What is expected -
Pictures stay out; print the rest of the listing below exactly as it stands.

---- Information supplied

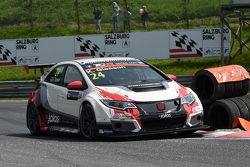 Kevin Gleason, Honda Civic TCR, West Coast Racing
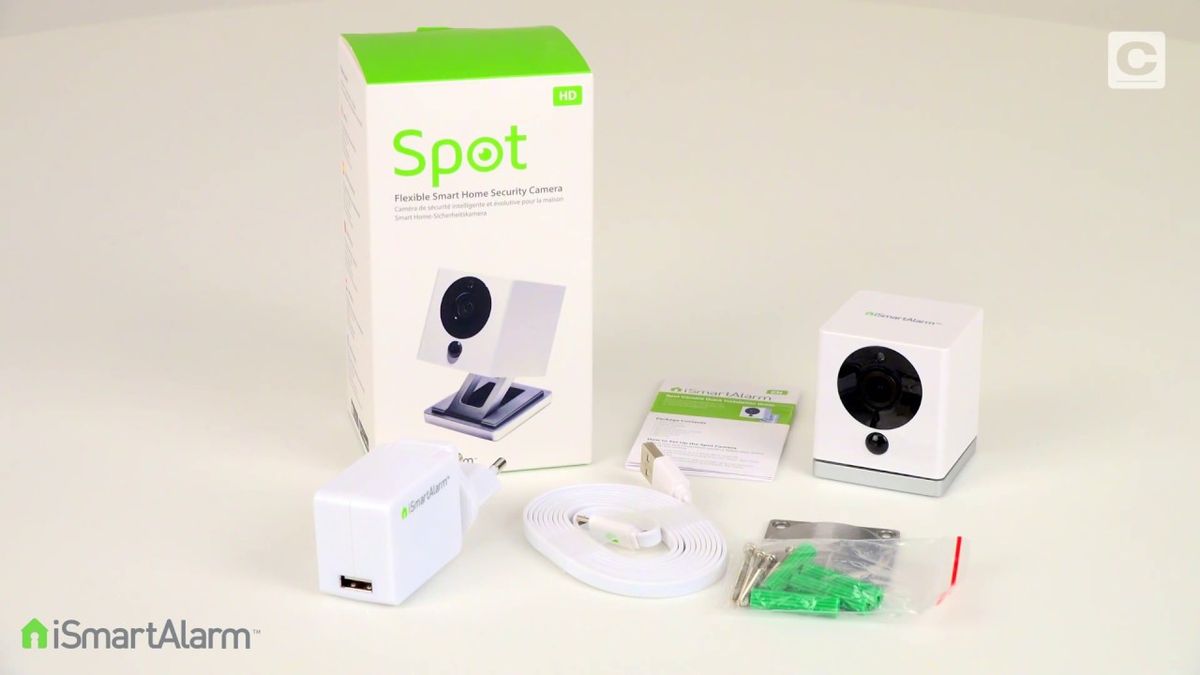 Ismart Alarm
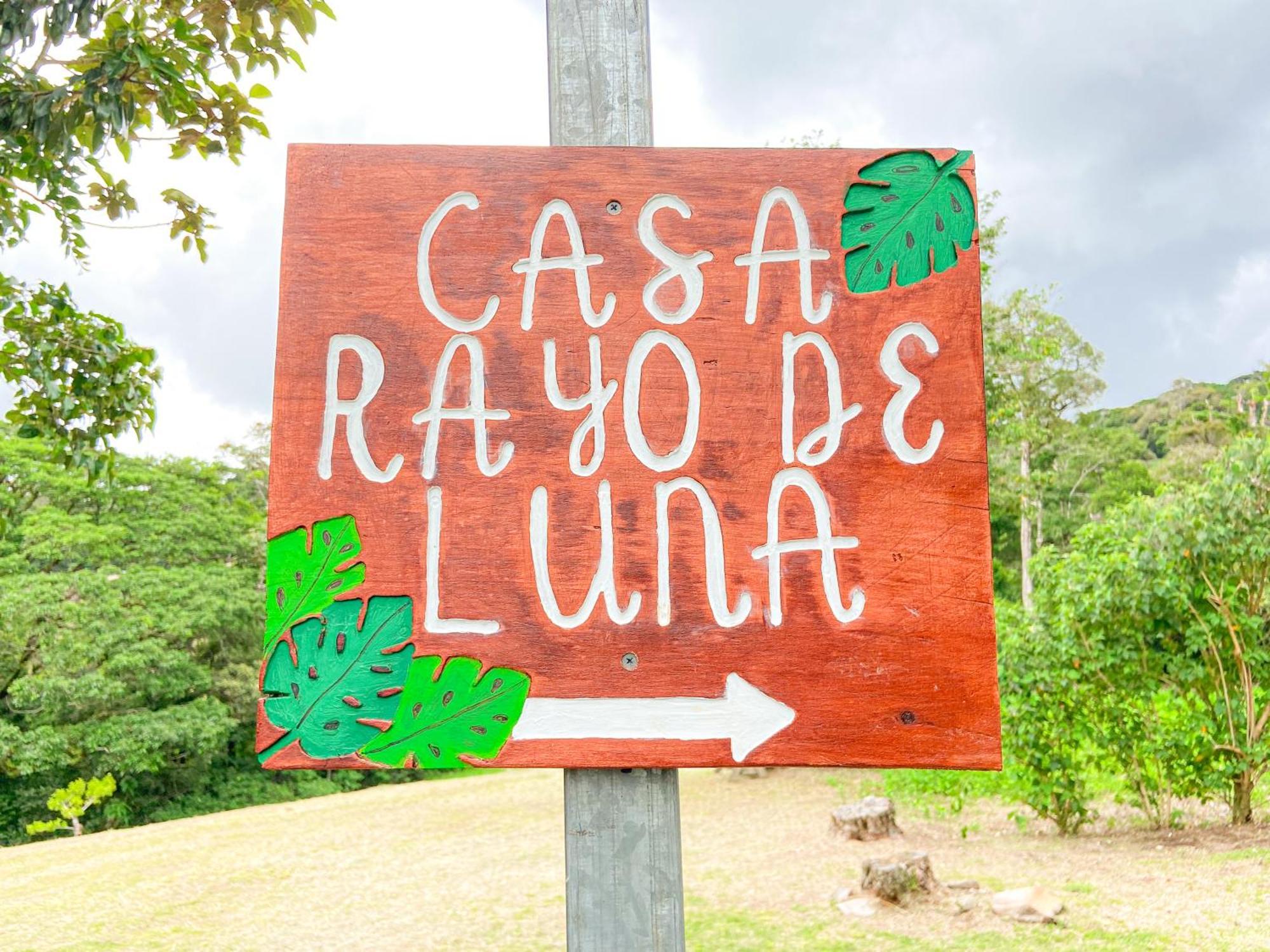 Casa Rayo De Luna Monteverde 외부 사진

--------

Answer space -
 Kevin Gleason, Honda Civic TCR, West Coast Racing
 Ismart Alarm
 Casa Rayo De Luna Monteverde 외부 사진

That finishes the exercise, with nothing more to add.